If your W really loves you, there's a chance that it could be a proper motivator. If she doesn't well...then at least you'll know.


----------



## arbitrator (Feb 13, 2012)

*Totally unbekownst to me, my rich skanky XW was actively banging two of her long-ago BF's on her multiple out-of-town trips. She then asked me for a "trial separation," I theorize, primarily to take me out of the loop of knowledge, and to likely host reciprocal "home games" for these guys, on her own home playing-floor, and right there in our very own bed!*


----------



## Nikita2270 (Mar 22, 2014)

I started fantasizing about being single every day.

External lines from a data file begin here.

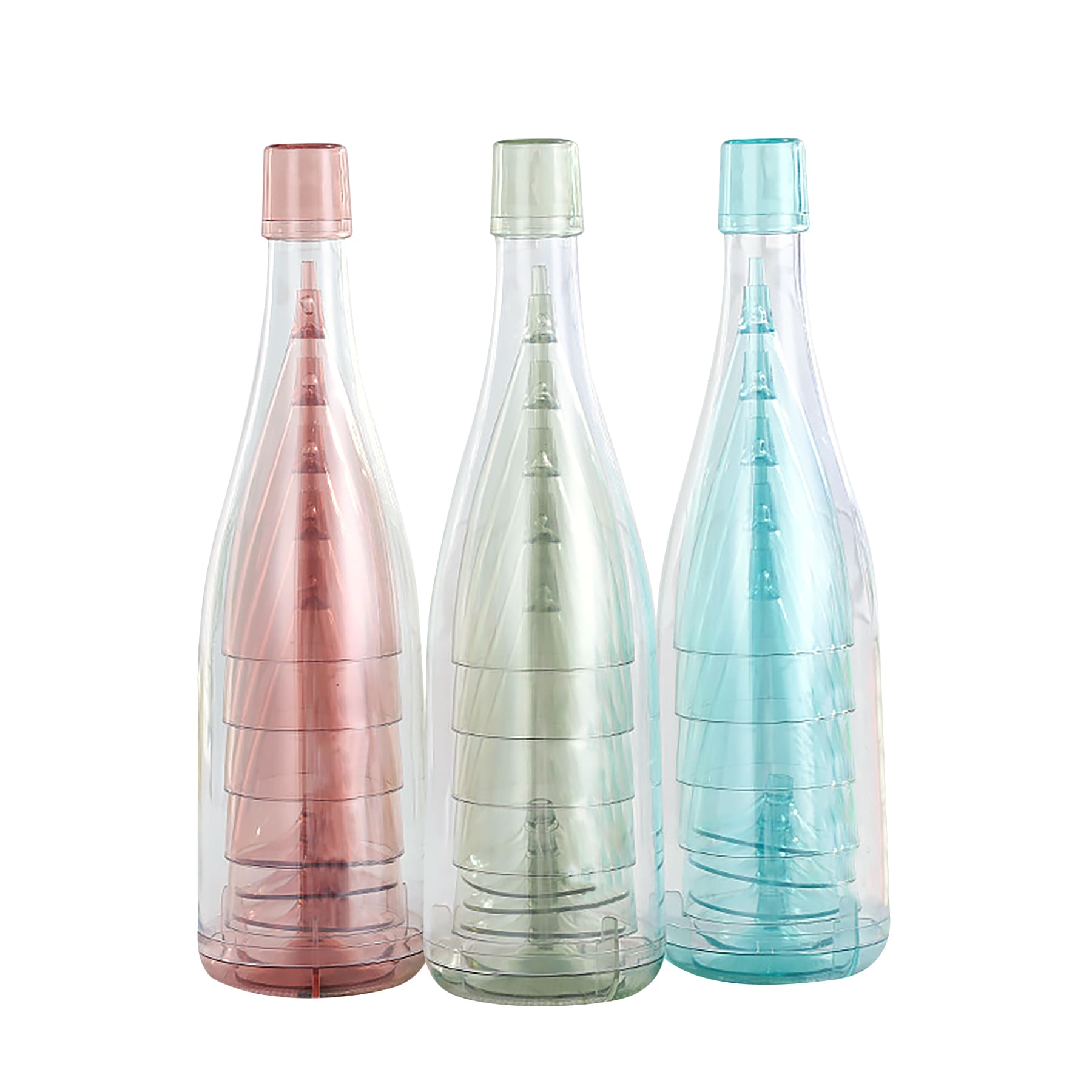 A set of three plastic drink bottles in rose, green, and blue, featuring a stacked design and one logo visible. Plastic Champagne Flutes Set 5PCS - Image 1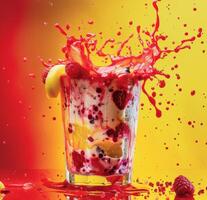 AI generated a smoothie with fruits and some fruit splash on top photo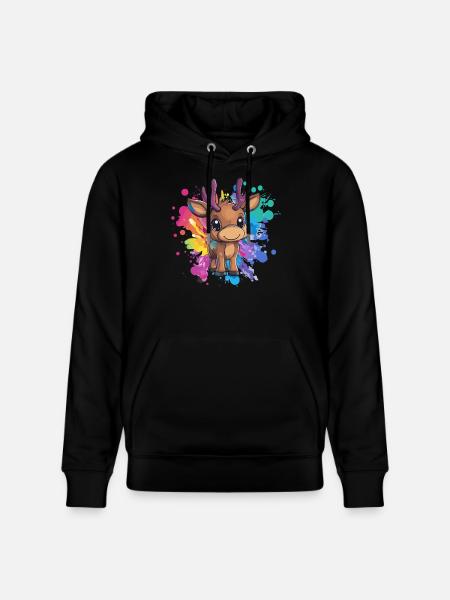 Rehkitz auf Farbexplosion - Stanley/Stella Unisex Bio-Hoodie CRUISER  - Schwarz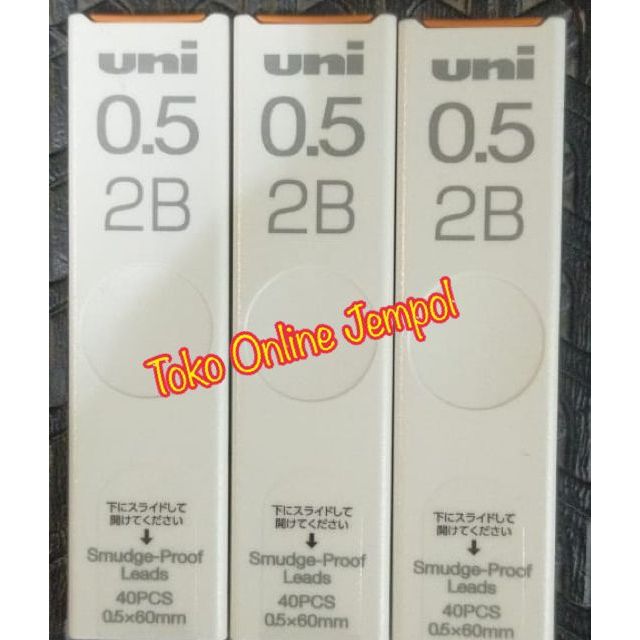 

isi pensil mekanik 0.5 2B mitsubishi uni JAPAN isi ulang refill mechanical pencil isi 40 leads ATK0524UN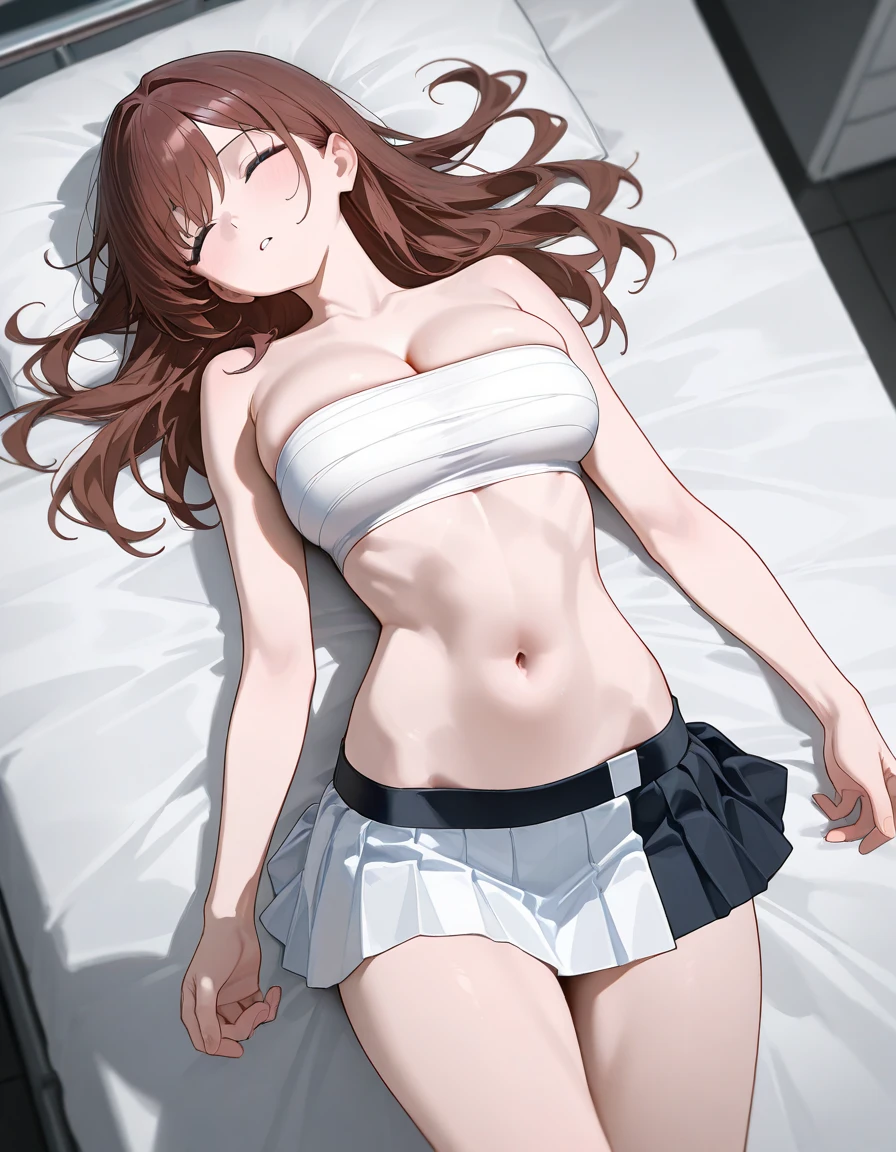 (A superb exquisite yukinoshitaYukino),(yukinoshitaYukino:1.5), (oregairuUniform:1.5), brown eyes, black hair, natural straight hair, straight bangs, solo, nature, extremely delicate, straight facial features, peerless beautiful girl, soft, (sensual face), ((ecchi face)), dreamy quality, exaggerated facial features, solid color, frank holly, delicate face, bright lips, slender waist, soft curves, real light and shadow, super fine, 4k, natural moving, Ultra high resolution, (masterpiece:1.2, best quality), (finely detailed beautiful eyes: 1.2), (beautiful detailed face), sexy semi-nude model, sexy pose, Ultra high definition white bra and panties, erect nipples,Medium chest, slender body, (bedroom), 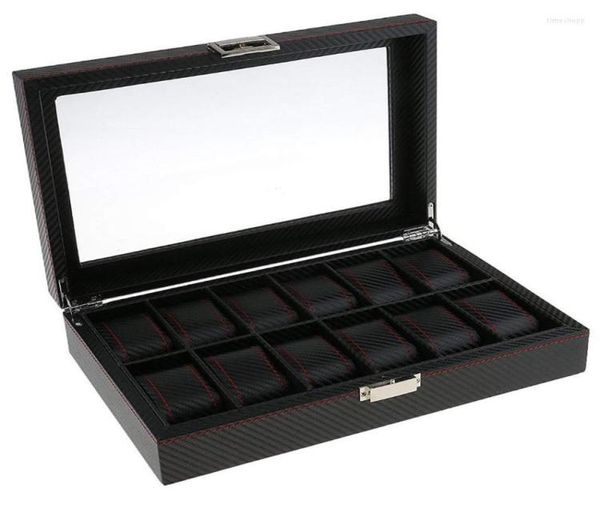 

watch boxes cases fashion jewelry display case storage box 12 slots black9270662, Black;blue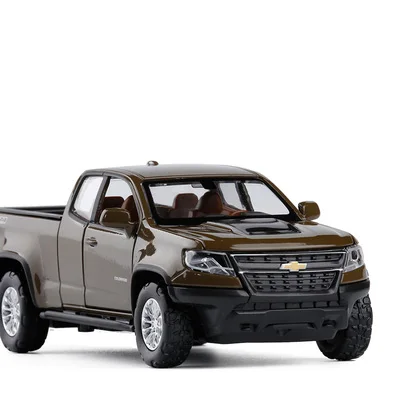 Коричневый 1:31 Chevrolet Colorado pick up сплав Diecasts транспортные средства модель автомобиля SUV со звуком светильник вытяните назад автомобиль игрушки для детей Подарки - Цвет: Коричневый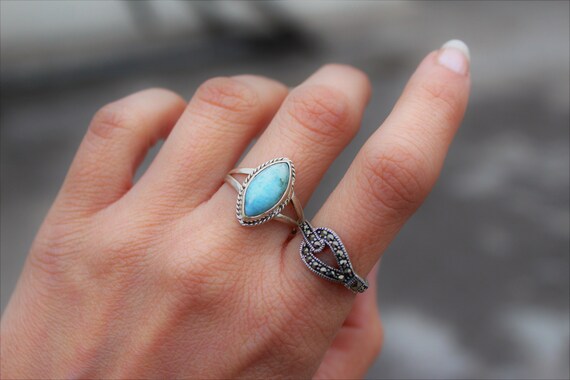 Dominican Republican Natural Blue Larimar stone Ring Dainty Ring Boho Ring Larimar Ring Sterling Silver Marquise shape Larimar Ring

At first, I was petrified. The idea of risking losing custody of my children, moving from the home we had built, not having enough money to support myself, having to separate all the things we had acquired, family court, etc.....

But over time, the fear became less important than the idea of being free at any cost until eventually not waking up miserable and wasting my life with the wrong person was worth the risks I had to take. I got to the point where I knew I would fight to the death for my children but I truly didn't give a crap if I lost everything else. And I knew it was the right thing to do not only for myself but definitely for my children. No child wants to live in a broken home with miserable parents.

Its hard to remember being afraid now. I don't miss the old house that I had to clean endlessly at all...I like my new small one. I don't miss the money...I make my own. I am a better mother to my children and truly enjoy my life with them now.

There comes a time when you stop dreaming and hoping for things because you know that you'll never achieve them with the person you're with. When you get to that point, its time to move on. You only get one life and its way to short to spend it having your energy sucked away by someone who really doesn't put you first.


----------